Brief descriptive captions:
▬▬▬

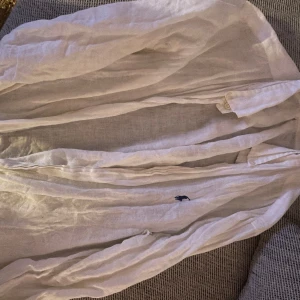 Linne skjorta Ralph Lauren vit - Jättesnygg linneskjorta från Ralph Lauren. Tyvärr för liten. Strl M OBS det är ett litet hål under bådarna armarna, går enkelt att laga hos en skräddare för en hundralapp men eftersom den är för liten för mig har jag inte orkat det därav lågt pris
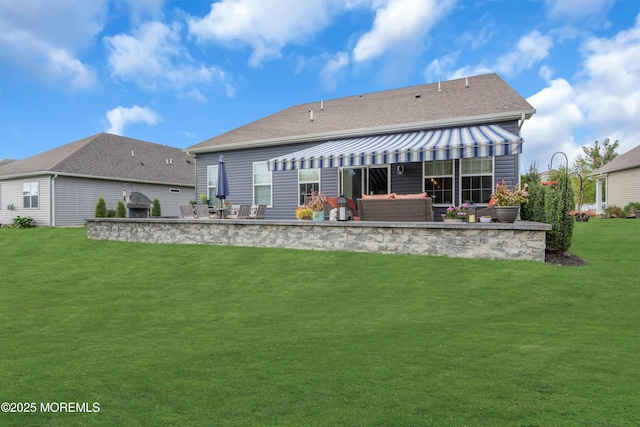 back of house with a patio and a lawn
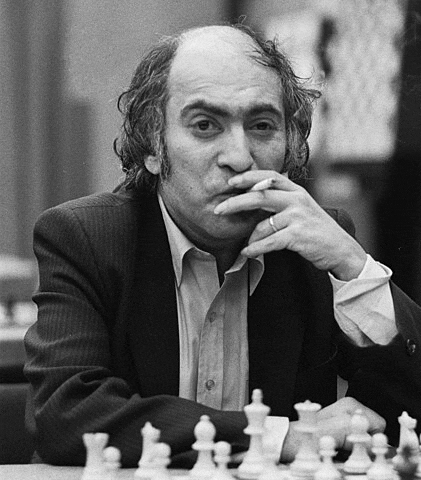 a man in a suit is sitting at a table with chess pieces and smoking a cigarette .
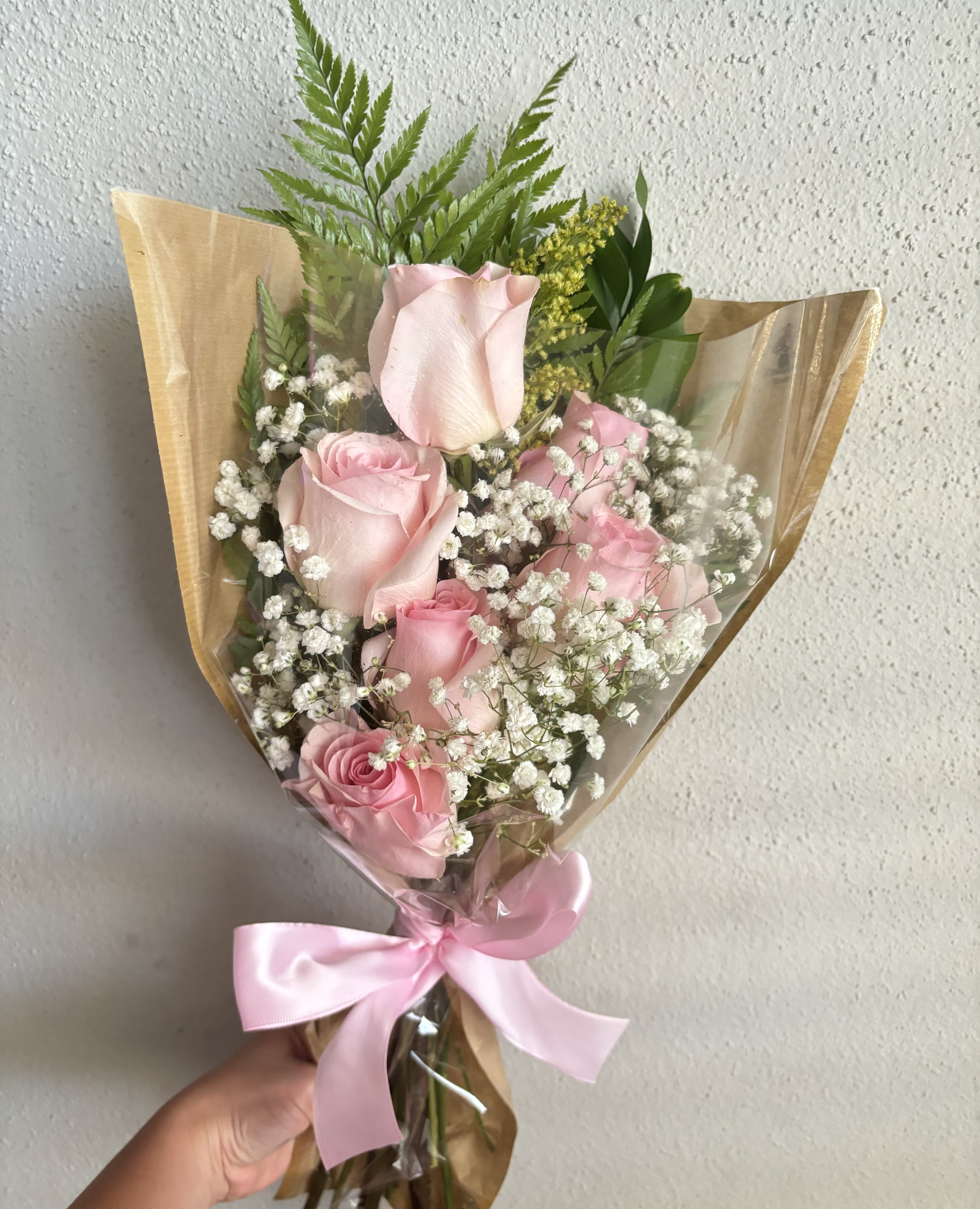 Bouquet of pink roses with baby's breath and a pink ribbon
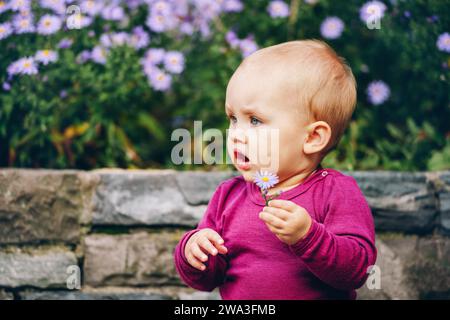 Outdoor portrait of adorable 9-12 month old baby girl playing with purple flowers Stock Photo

▬▬▬

§ **Task description**
Give again, word for word, the line that contains "back of house with a patio and a lawn" and every line after it through the end of the entries; omit the pictures.

§ **Finished task**
 back of house with a patio and a lawn
 a man in a suit is sitting at a table with chess pieces and smoking a cigarette .
 Bouquet of pink roses with baby's breath and a pink ribbon
 Outdoor portrait of adorable 9-12 month old baby girl playing with purple flowers Stock Photo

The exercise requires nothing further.